December 20, 2016
1. Tillerson’s Potential Pay Day?
After more than 40 years at Exxon, Rex Tillerson could potentially step down as CEO, just months before he is eligible for retirement, in order to take the Secretary of State position in Donald Trump’s cabinet. Technically, if Tillerson relinquishes his post before he turns 65 in March 2017, he would be ineligible to receive the unvested equity he holds in the company—which today is worth nearly $185 million. If Tillerson is confirmed and takes the State Department job, the board will be in the unenviable position of deciding whether to accelerate the vesting of that stock—which initially was meant to be paid out over 10 years—and provide its CEO with a windfall as he enters public service.
2. CEO turnover continues to make headlines
Back in October, several high-profile CEOs stepped down in the span of a week. After a lull in the politics-heavy news cycle of November, early December saw announcements creep up again, as Howard Schultz of Starbucks and Muhtar Kent at Coca-Cola both announced their departures from the CEO position. While there is typically some turnover at the end of the fiscal year, as of the current date, there have been 62 announced departures in the S&P 500 for 2016 alone—and another 13 planned for 2017 already. There were 56 total in 2015, which was already a four-year high.

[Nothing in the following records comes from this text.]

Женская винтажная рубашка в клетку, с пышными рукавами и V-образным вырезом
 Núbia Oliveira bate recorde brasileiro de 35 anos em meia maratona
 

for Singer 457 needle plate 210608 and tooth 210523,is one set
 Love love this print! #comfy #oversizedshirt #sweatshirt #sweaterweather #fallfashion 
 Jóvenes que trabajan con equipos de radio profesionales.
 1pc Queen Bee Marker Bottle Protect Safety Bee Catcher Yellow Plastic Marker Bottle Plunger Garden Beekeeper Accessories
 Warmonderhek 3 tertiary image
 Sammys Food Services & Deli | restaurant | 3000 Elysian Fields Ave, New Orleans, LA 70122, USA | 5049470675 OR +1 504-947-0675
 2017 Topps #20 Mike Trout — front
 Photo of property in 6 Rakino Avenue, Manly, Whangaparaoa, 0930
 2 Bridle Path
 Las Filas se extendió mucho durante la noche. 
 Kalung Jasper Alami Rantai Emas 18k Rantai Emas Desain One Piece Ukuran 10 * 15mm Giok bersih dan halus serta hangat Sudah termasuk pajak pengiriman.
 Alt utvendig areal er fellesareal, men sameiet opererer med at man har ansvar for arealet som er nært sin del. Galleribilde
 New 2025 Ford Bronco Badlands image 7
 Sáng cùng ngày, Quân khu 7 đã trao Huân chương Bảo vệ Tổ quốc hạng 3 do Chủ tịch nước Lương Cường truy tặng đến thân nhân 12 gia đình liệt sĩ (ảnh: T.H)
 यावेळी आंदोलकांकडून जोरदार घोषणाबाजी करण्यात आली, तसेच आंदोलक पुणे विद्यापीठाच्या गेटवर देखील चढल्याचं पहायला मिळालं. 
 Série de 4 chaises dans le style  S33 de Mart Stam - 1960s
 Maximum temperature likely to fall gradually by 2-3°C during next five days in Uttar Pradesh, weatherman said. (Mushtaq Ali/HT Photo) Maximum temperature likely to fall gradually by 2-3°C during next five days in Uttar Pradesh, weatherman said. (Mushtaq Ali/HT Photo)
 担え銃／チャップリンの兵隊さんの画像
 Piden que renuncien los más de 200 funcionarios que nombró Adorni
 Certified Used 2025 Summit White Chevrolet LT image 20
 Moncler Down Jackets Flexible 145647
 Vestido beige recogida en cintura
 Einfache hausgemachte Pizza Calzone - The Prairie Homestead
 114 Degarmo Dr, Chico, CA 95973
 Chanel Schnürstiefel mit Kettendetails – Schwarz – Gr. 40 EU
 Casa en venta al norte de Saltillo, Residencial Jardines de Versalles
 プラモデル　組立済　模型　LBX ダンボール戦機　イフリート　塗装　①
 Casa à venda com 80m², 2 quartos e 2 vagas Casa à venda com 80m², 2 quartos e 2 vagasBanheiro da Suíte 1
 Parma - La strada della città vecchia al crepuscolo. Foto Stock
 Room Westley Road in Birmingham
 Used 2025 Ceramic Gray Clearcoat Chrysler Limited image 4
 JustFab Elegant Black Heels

3. Wells Fargo Chairman gets a pay raise
Two months after being named the Wells Fargo Chairman of the Board—following an unusual transition where the company split the CEO-Chair role and added a vice chairman—Stephen Sanger earned a 317% increase in his retainer to reach $250,000, up from $60,000 as lead independent director, reports the Charlotte Observer. It’s not clear if this amount includes equity, but either way, the pay package is not unusual—the median cash and equity retainer for a non-executive Chairman of the Board in the S&P 500 was $396,500 in 2015, according to a recent Equilar report. Sanger is also on the board of Pfizer, and earned a total of $382,027 in 2015, reports the Observer, which included $180,027 in stock and $202,000 in cash.
4. Microsoft defeats proxy access proposal
Proxy access has become a hot-button issue in the past few years, as shareholders want the opportunity to nominate members for the board. According to a recent Equilar report, in the past two years there have been 116 proxy access proposals, of which more than 60% have been approved. One of the recent proposals that failed occurred at Microsoft this month, reported The Wall Street Journal, garnering just 26% of the vote from shareholders and breaking from the larger trend.
5. Good governance goes global
A report by Farient Advisors and Global Governance and Executive Compensation Network suggests that corporate governance practices are not only becoming more common across borders, but are seeing some overlap as well. The study analyzed 17 countries across six continents.